In refugee camps, UNICEF, WFP, UNHCR and African Humanitarian Action pursued its partnership, with the nutrition humanitarian response being guided by a single and harmonised logical framework that enhances the coordination, allowing each organisation to intervene within its area of comparative advantage and preventing duplication of efforts.
Djibouti has met the Millennium Development Goal related to improved water. However, disparities of access between urban (97 per cent) and rural areas (65 per cent) are still a challenge. In 2016, the Government launched the development of a Water Point Management Strategy as a result of UNICEF advocacy. This document is a breakthrough for the sustainability of water points as it will regulate the participation of communities in its management. In rural areas, over 84 per cent of those with access to improved water are using shared facilities; therefore it is of the utmost importance that communities take the lead in their maintenance.

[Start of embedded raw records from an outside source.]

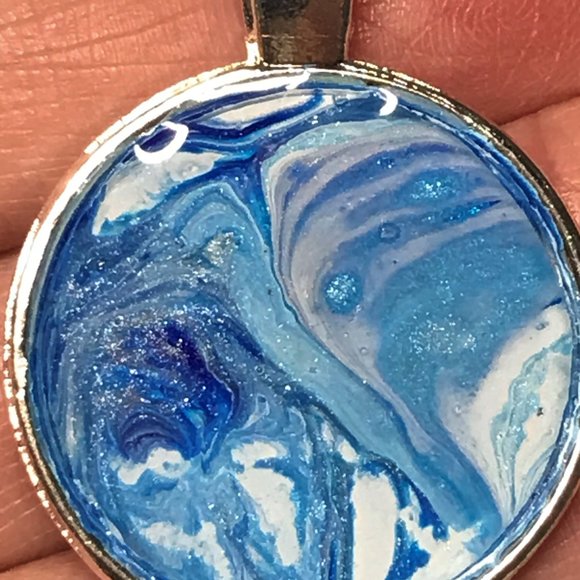 NWOT Wearable Art Necklace, Fluid Art Pendant - Picture 7 of 12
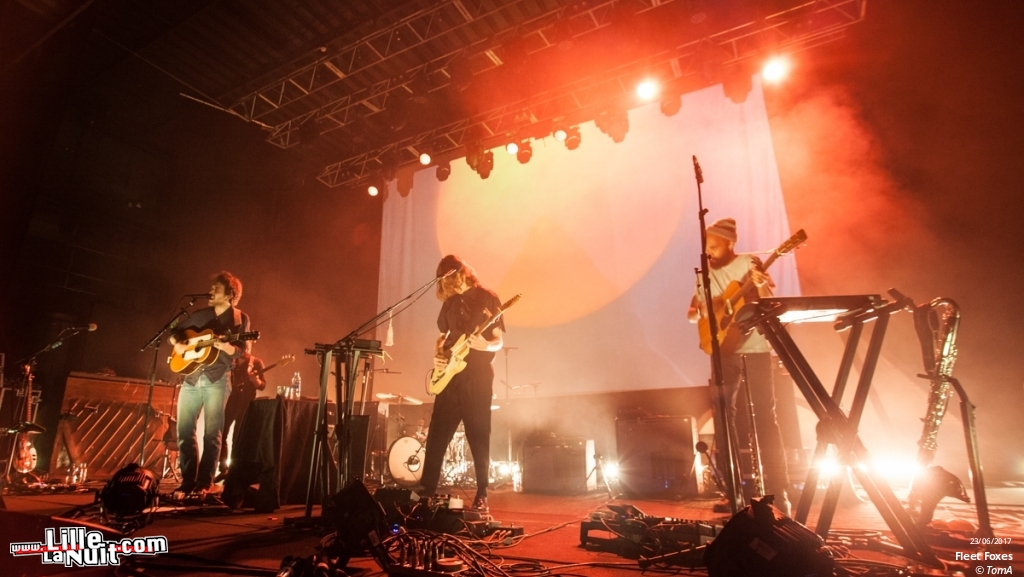 Fleet Foxes + November Polaroid  à L’Aéronef en live - photo n°6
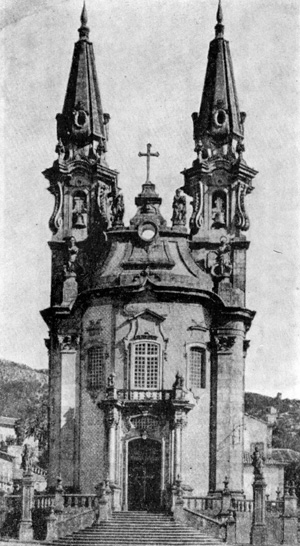 Архитектура Португалии: Гимараинш. Церковь Страстей Христовых, XVIII в. Главный фасад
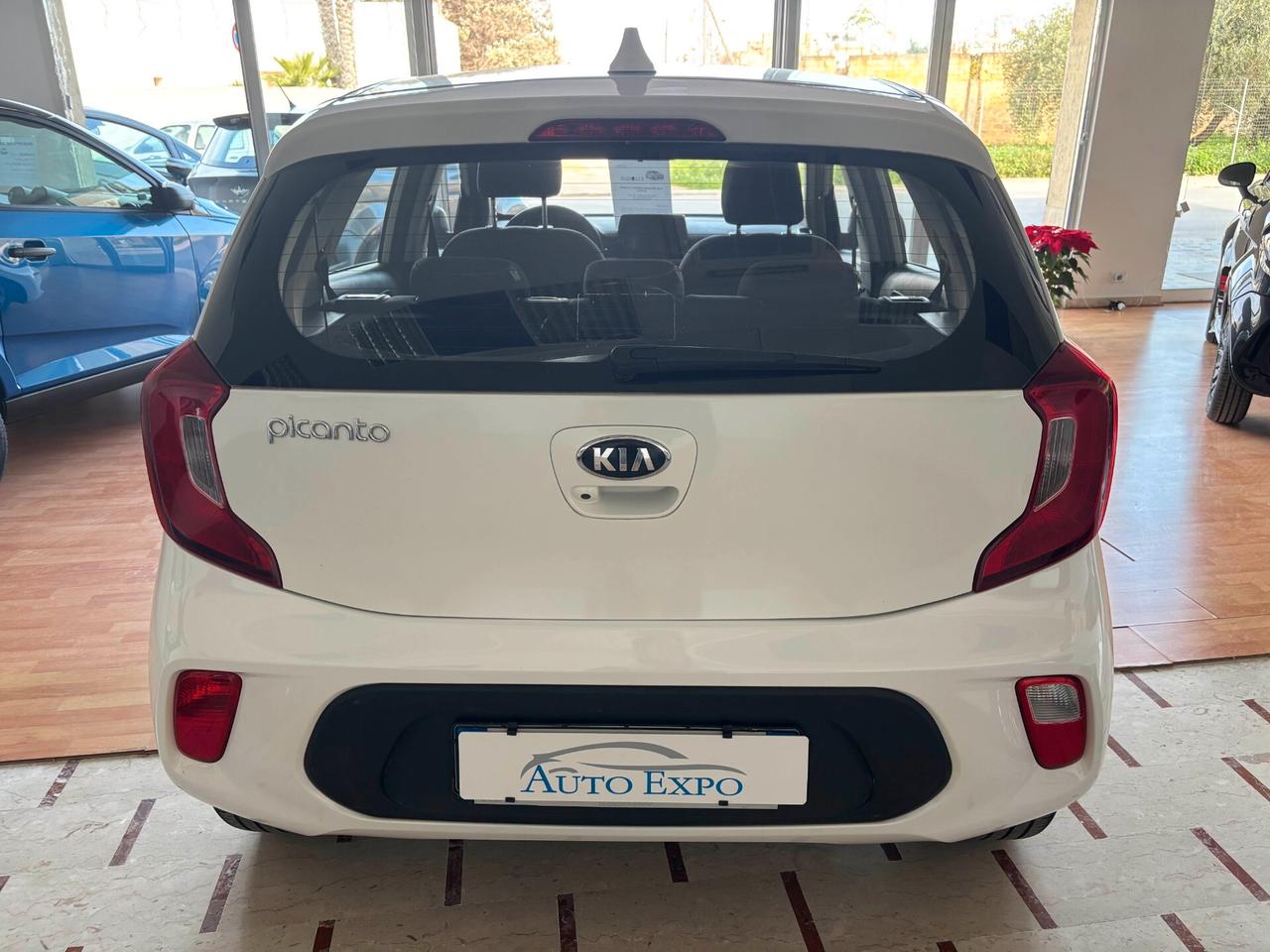 Kia Picanto 1.0 12V 5 porte Urban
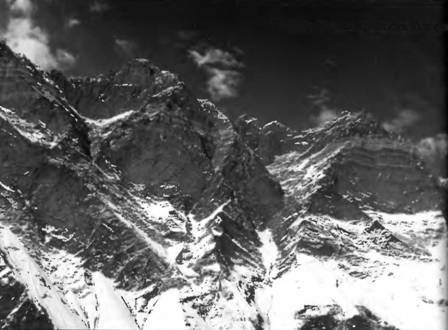 Иллюстрация к книге — Лхоцзе. Южная стена [pic_14.jpg]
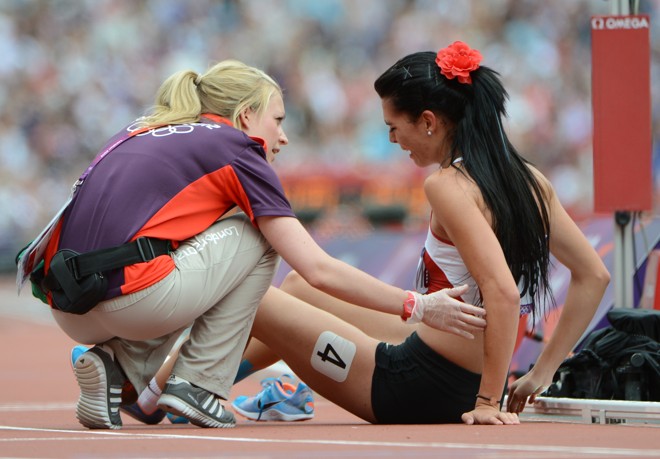 A turca Merve Aydin recebe atendimento após sentir uma contusão muscular durante a eliminatória dos 800 metros rasos | 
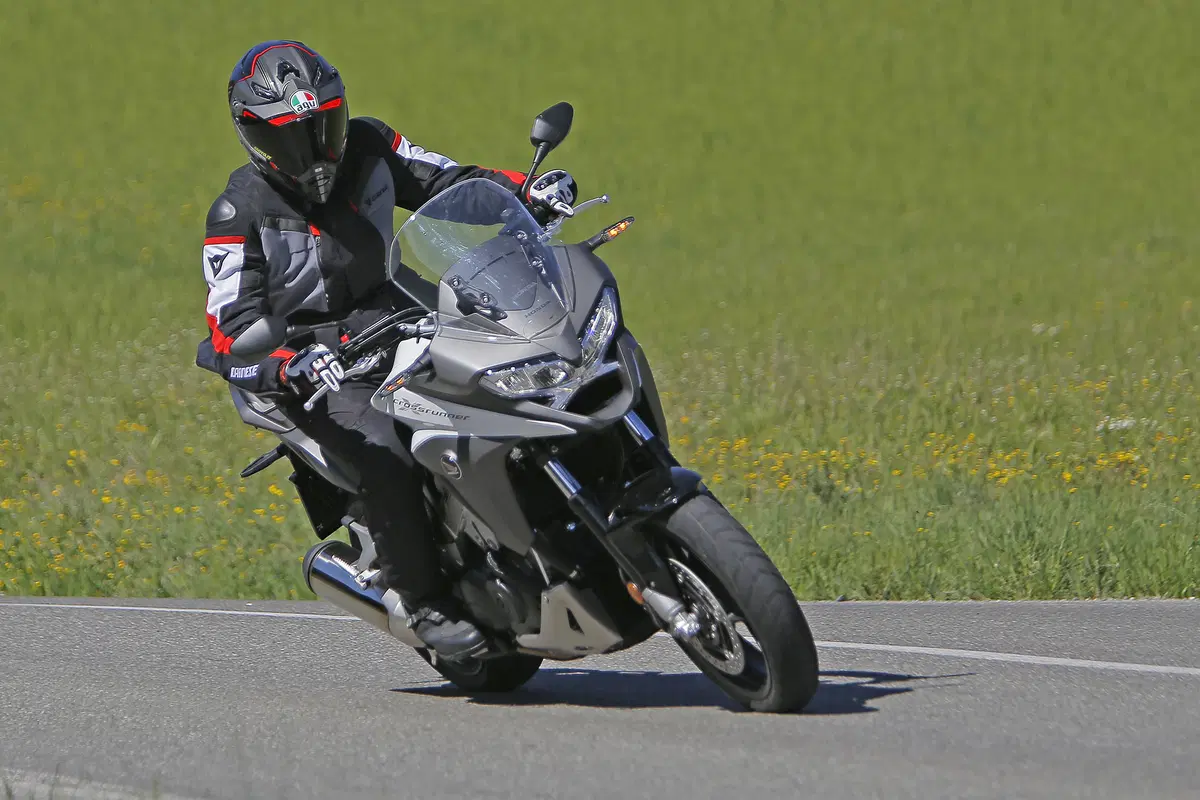 Honda Crossrunner vs Yamaha Tracer   (12)
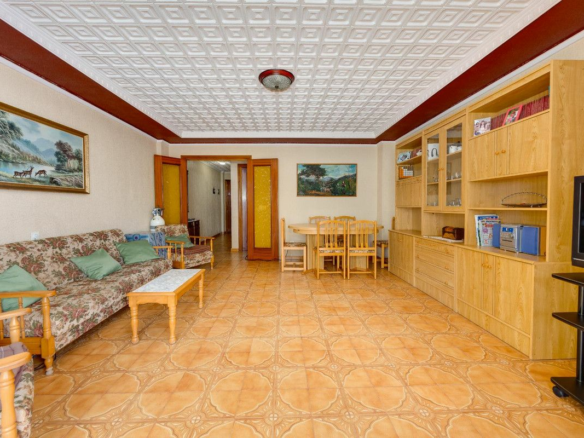 3-bedroom Apartment In Torrevieja, Spain (100 M²)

In 2016, a further 12,020 people regained access to drinking water through the rehabilitation of wells and extension of the water distribution network. These people had lost access to improved water due to the degradation
and consequent breakdown of the facilities. To help prevent similar situations in these areas, UNICEF and its partners supported the Government to establish and train 15 local Water Management Committees (60 people) on water point management.
In pastoralist and nomadic regions, 1,146 children and families were given access to sanitation through shared facilities and are abandoning open defection practices.
Lack of access to water and sanitation contribute to disease and malnutrition, which is why UNICEF is promoting an integrated WASH and Nutrition approach. In malnutrition- affected rural areas, 1,860 people gained access to safe water for the first time in 2016 thanks to the extension of existing boreholes supported by the Government and UNICEF.
UNICEF co-leads with the government the WASH sector working group for humanitarian preparedness and response, and thanks to the continuous technical support, government’s leadership and analytical thinking have widely improved as revealed during the coordination of the development of the 2017 Humanitarian Need Overview and Human Response Plan.
The overall vision of the UNICEF programme 2018–22 is to ensure that children’s rights to survival and development are realised through access to quality social services and through the adoption of healthy and protective behaviours as well as positive parenting practices by families and communities, with an emphasis on the rst 1,000 days of life spanning
from conception until the end of the second year of a child’s life, thus contributing to reductions in maternal and child mortality. The programme will focus particularly on vulnerable children living in areas identified as the most deprived.